**Your task:** Range to output from the entries below: the line containing "Nfc Tap Or scan" through the line containing "Illustration Checkered Pattern". Set it down exactly, ends included, nothing else.
※
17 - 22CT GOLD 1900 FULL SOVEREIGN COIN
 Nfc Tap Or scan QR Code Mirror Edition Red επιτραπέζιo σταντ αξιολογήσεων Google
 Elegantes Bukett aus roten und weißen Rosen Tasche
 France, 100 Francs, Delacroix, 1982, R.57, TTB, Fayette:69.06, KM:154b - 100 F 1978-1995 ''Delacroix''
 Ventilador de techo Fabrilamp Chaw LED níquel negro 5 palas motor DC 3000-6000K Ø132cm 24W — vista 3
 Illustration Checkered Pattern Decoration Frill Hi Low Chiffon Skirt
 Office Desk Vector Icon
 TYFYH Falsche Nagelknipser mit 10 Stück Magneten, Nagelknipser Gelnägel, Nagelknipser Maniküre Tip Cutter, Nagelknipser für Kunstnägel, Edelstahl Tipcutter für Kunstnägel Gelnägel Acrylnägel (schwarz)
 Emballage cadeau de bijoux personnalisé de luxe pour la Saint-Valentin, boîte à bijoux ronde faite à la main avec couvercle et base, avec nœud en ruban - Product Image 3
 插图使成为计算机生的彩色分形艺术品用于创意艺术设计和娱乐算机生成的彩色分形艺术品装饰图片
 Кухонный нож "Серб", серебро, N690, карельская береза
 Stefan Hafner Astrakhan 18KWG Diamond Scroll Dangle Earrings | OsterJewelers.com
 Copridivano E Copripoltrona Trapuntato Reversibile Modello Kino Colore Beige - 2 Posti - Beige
※
**Answer for this exercise:**
 Nfc Tap Or scan QR Code Mirror Edition Red επιτραπέζιo σταντ αξιολογήσεων Google
 Elegantes Bukett aus roten und weißen Rosen Tasche
 France, 100 Francs, Delacroix, 1982, R.57, TTB, Fayette:69.06, KM:154b - 100 F 1978-1995 ''Delacroix''
 Ventilador de techo Fabrilamp Chaw LED níquel negro 5 palas motor DC 3000-6000K Ø132cm 24W — vista 3
 Illustration Checkered Pattern Decoration Frill Hi Low Chiffon Skirt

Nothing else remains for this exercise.